# AIM OF THE TASK
Every record below is to be restated word for word, and no picture is to be copied.

[Short descriptive text snippets]

= = = = =

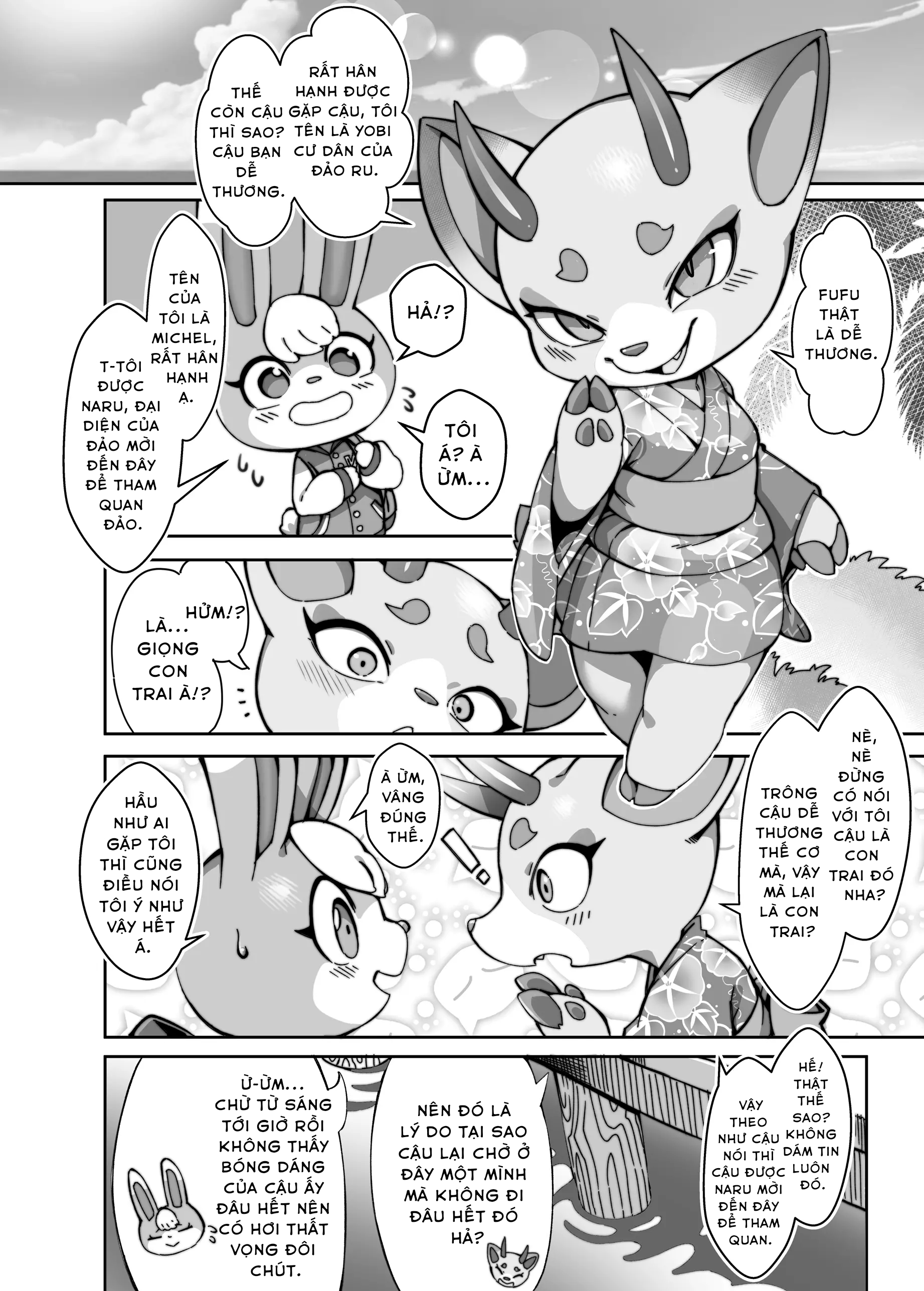 Đọc truyện hentai Lời gạ gẫm của cư dân trên đảo - Oneshot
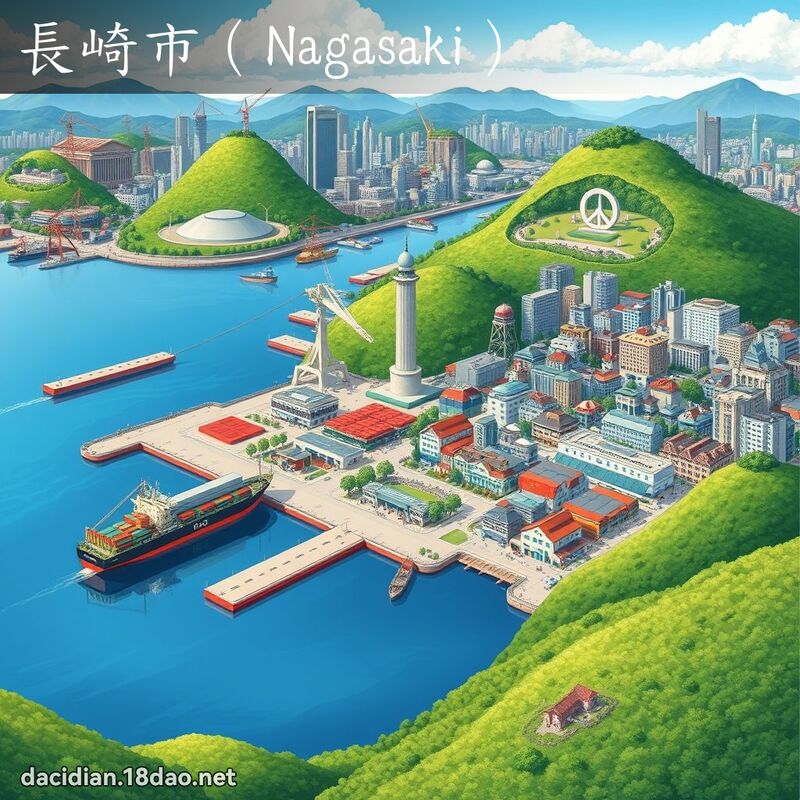 长崎市（Nagasaki） - 国语大辞典配图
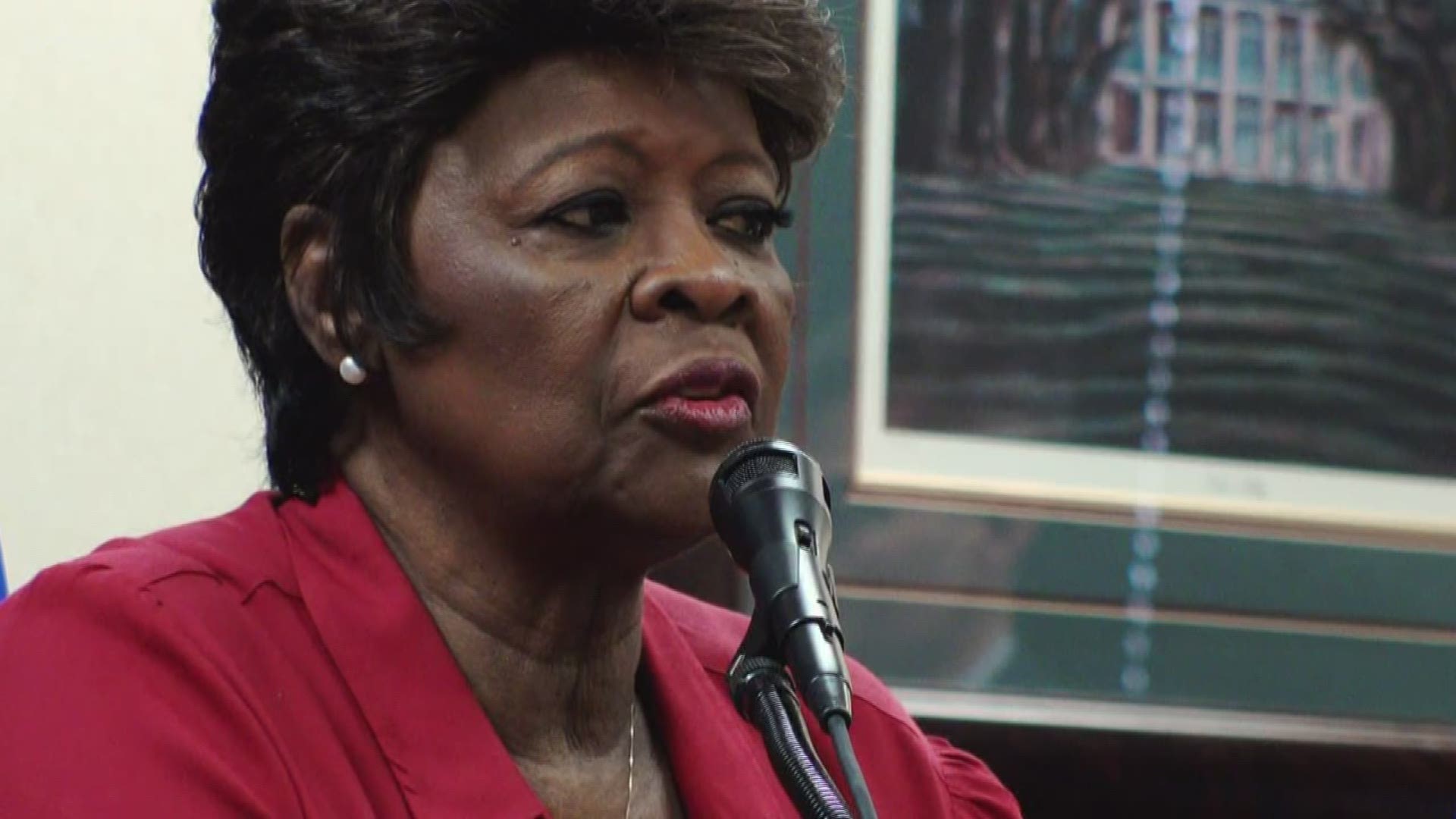 You've seen Irma Thomas performing on stage for decades, but today federal agents from across Louisiana saw another kind of performance from her.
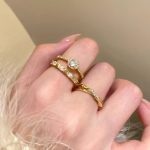 Round Pig Nose Open Ring for Women – Fashionable Statement Finger Ring - Image 7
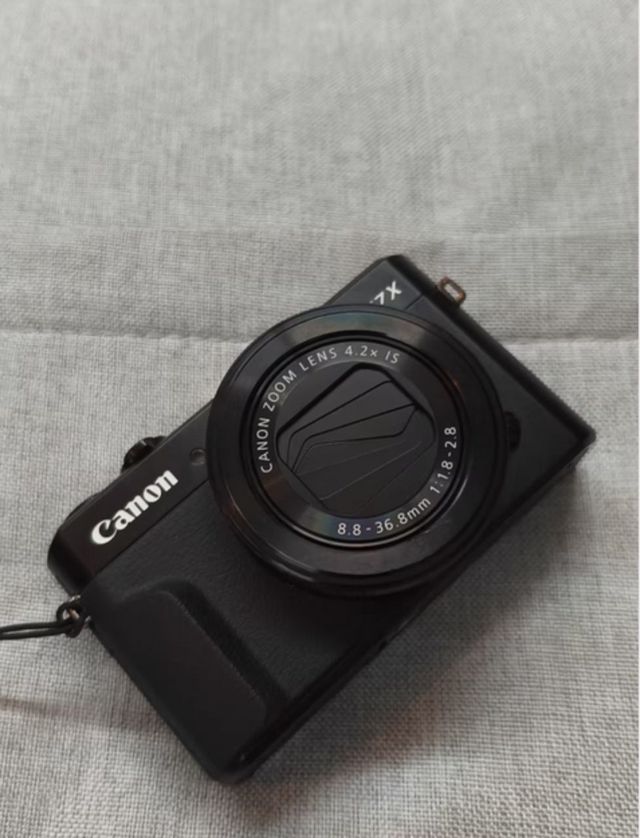 Cámara Canon G7X Mark II Negra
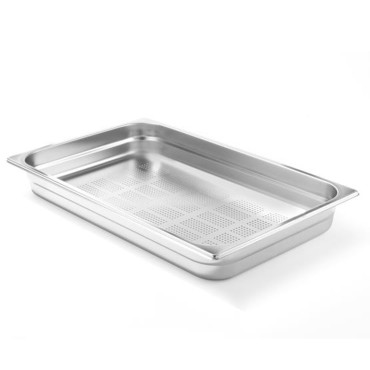 Conteneur GN 1/1 perforé hauteur 65 mm - Hendi 802236
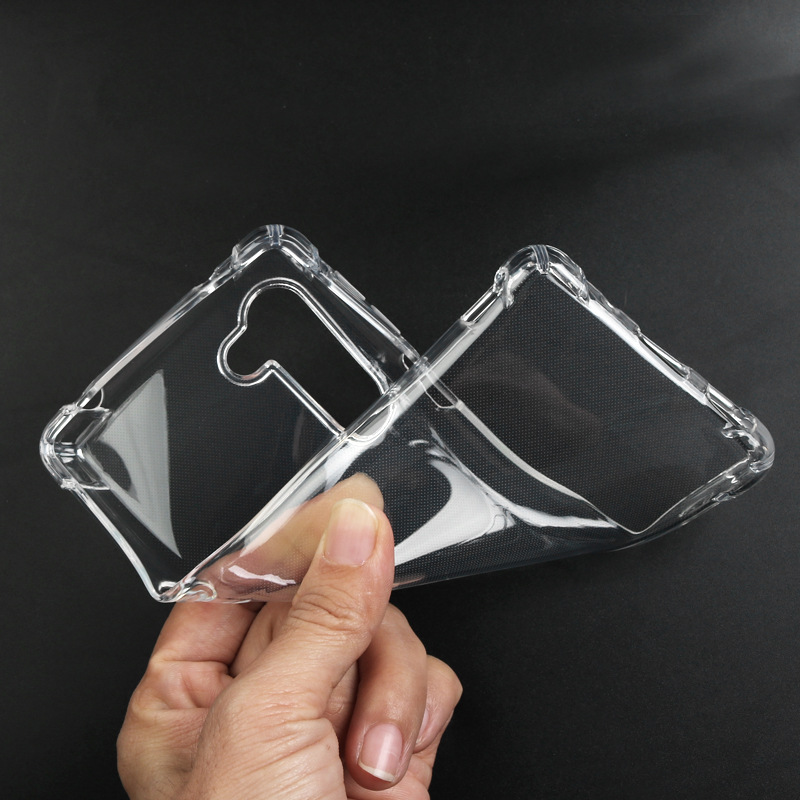 适用三星 日版OPPO Reno5 A日版夏普sense9四角防摔TPU手机保护套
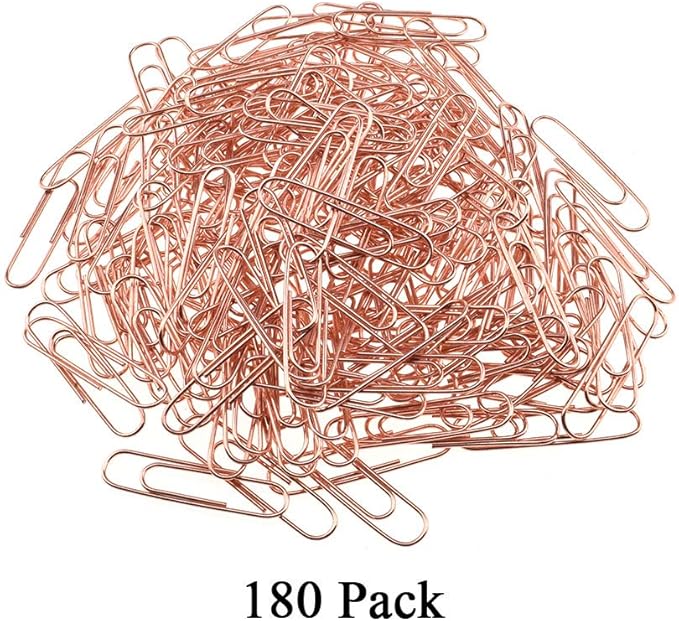 HAHIYO Paper Clips Sturdy 1.3 inches Length 180 Pack Paperclips Heavy Duty - Image 5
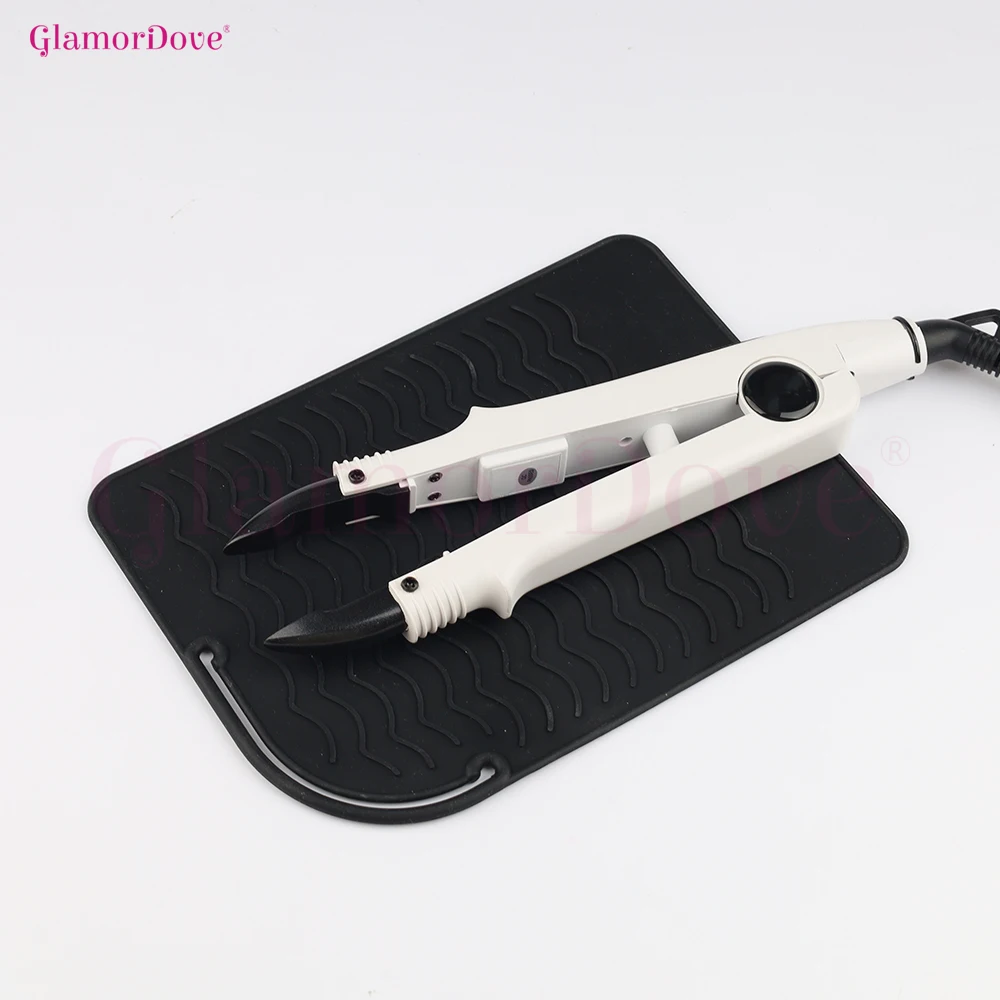 

Термостойкий силиконовый коврик GlamorDove для наращивания волос – нескользящий коврик для утюжков и плойок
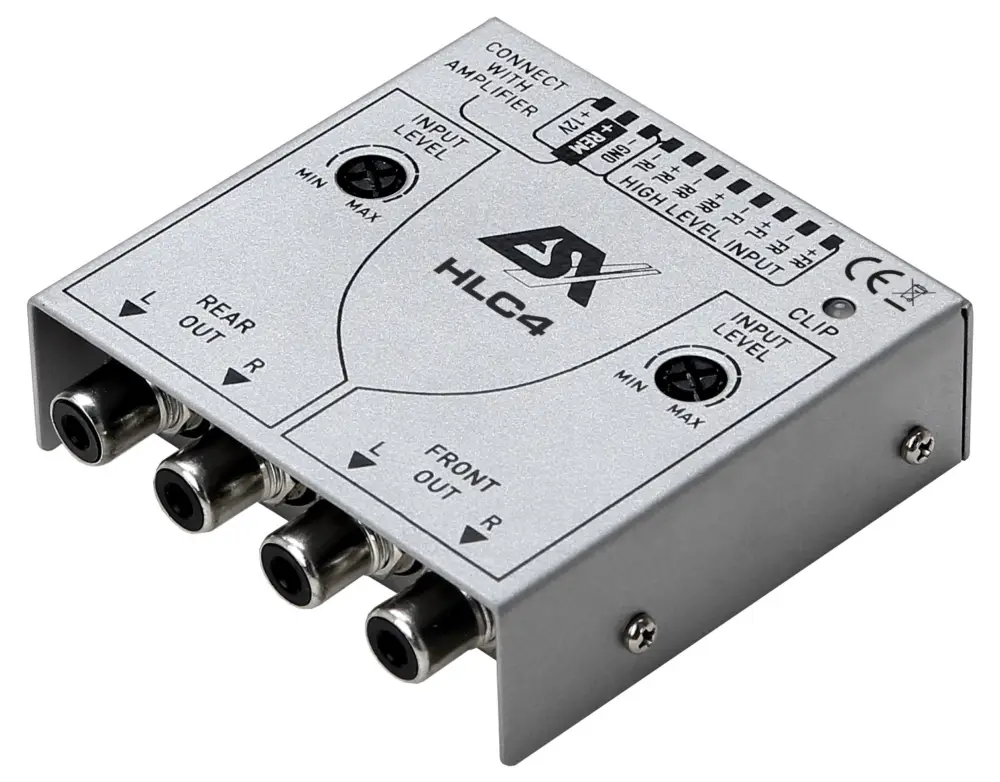 ESX 4 Kanal High to Low Level Konverter Autoradio HLC4 (mit EPS) Top-Preis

= = = = =

# OUTPUT FOR THIS EXERCISE
 Đọc truyện hentai Lời gạ gẫm của cư dân trên đảo - Oneshot
 长崎市（Nagasaki） - 国语大辞典配图
 You've seen Irma Thomas performing on stage for decades, but today federal agents from across Louisiana saw another kind of performance from her.
 Round Pig Nose Open Ring for Women – Fashionable Statement Finger Ring - Image 7
 Cámara Canon G7X Mark II Negra
 Conteneur GN 1/1 perforé hauteur 65 mm - Hendi 802236
 适用三星 日版OPPO Reno5 A日版夏普sense9四角防摔TPU手机保护套
 HAHIYO Paper Clips Sturdy 1.3 inches Length 180 Pack Paperclips Heavy Duty - Image 5

Термостойкий силиконовый коврик GlamorDove для наращивания волос – нескользящий коврик для утюжков и плойок
 ESX 4 Kanal High to Low Level Konverter Autoradio HLC4 (mit EPS) Top-Preis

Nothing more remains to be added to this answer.